Балканская звезда графа Игнатьева - страница 22



– Простите, сударыня. Быть может, вы не желали, чтобы я навестил вас сегодня. Впрочем, если вас смущает мое присутствие, я тотчас готов покинуть вас.

Она посмотрела на него снизу-вверх, как дети смотрят на взрослых, тихими серьезными глазами, – такими Игнатьев еще никогда их не видел! – и, откинув с лица тяжелую прядь темно-каштановых волос, вдруг сказала: «Да не будьте же вы таким скованным, я не убью вас за это!»

В груди Игнатьева после этой фразы что-то оборвалось…
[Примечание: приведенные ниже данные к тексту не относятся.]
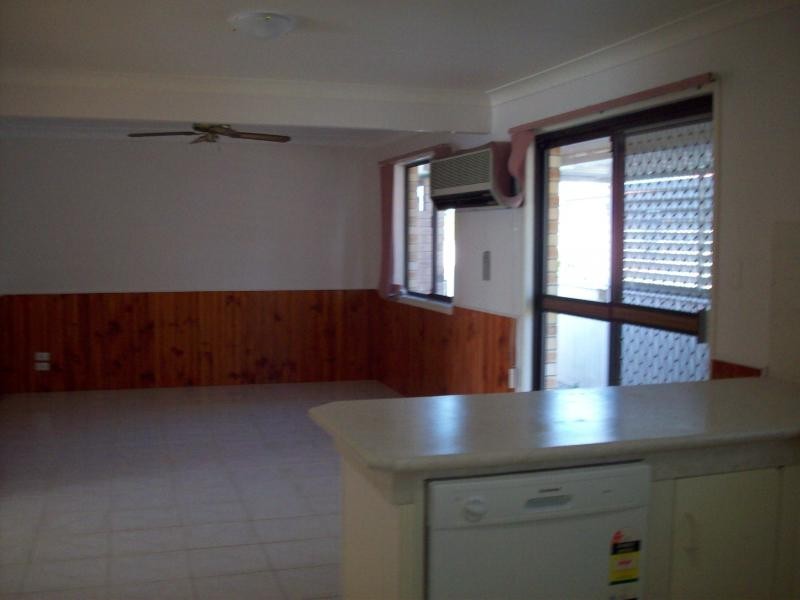 24 Arcadia Drive, Mermaid Waters QLD 4218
А дальше – дальше ничего не происходило. Шли дни и месяцы. Игнатьев робел от ее обхождения и, несмотря на благорасположение будущей тещи, не решался объясниться, откладывая решительный разговор. Удивительное дело – столько раз в своей жизни он был на волосок от смерти и не терялся в самых сложных обстоятельствах, а тут словно впал в ступор, боясь услышать повторный отказ.

– Смотри, уведут у тебя невесту, будешь потом локти грызть! – как-то за обедом не выдержала мать. В ее остром проницательном взгляде светилась энергия Мальцевых – заводчиков, коммерсантов, знаменитых предпринимателей: – Уводи ее сам, будь, мой милый, проворнее в делах сердечных. Мой батюшка Иван Акимович не сплоховал, и у Василия Львовича Пушкина увел твою бабушку. Первостатейная красавица была![7]Игнатьев умоляюще взглянул на мать, на щеках зардел румянец. Мать не подала виду, отметая в сторону деликатность темы, и веско заключила родительский совет: «Действуй же, Николенька, счастие в твоих собственных руках!»
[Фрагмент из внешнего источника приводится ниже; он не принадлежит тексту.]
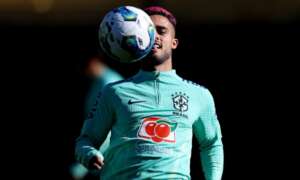 Lateral Yan Couto, da seleção, se desculpa após citar Daniel Alves como ídolo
Вскоре Игнатьев, бледнея и смущаясь, попросил руки Катеньки Голицыной. В ответ, вопреки всем страхам, прозвучало желанное «да». Пара венчалась в русской церкви немецкого города Висбаден. Екатерина Игнатьева стала матерью восьмерых их детей (первый умер в младенчестве), но она никогда не ограничивала свои интересы семейным кругом или светскими успехами. Ее жизнь стала неотделимой частью дела ее мужа. Двери русского посольства в Константинополе были всегда широко открыты. Здесь находили помощь и убежище похищенные девушки, дети-сироты и болгарские повстанцы, которые, снабженные русскими паспортами, отправлялись в Одессу, открылся госпиталь для больных. Во всем этом послу помогала его супруга. Набело, своим тонким изящным почерком, она терпеливо переписывала многие донесения Игнатьева, по форме букв больше напоминавшие острые пики Альп или очертания Кавказского хребта. Кроме того, жена посла щедро занималась благотворительностью – почти все прошения о денежной помощи от женщин, как правило, подавались на ее имя. Вечно деятельная и неутомимая, Катенька Игнатьева и на посольских приемах царила как законодательница тона и вкуса, блистая природной красотой и ювелирными украшениями. После одного из таких светских раутов во дворце персидского посланника в Царьграде Мирзы-Мошин-хана один французский поэт напишет о ней в своей оде: «О царице бала один турок сказал совсем тихо то, о чем думал каждый, но не смел признаться вслух: «Эта женщина может покорить Стамбул одним только словом, одной улыбкой – всю Азию».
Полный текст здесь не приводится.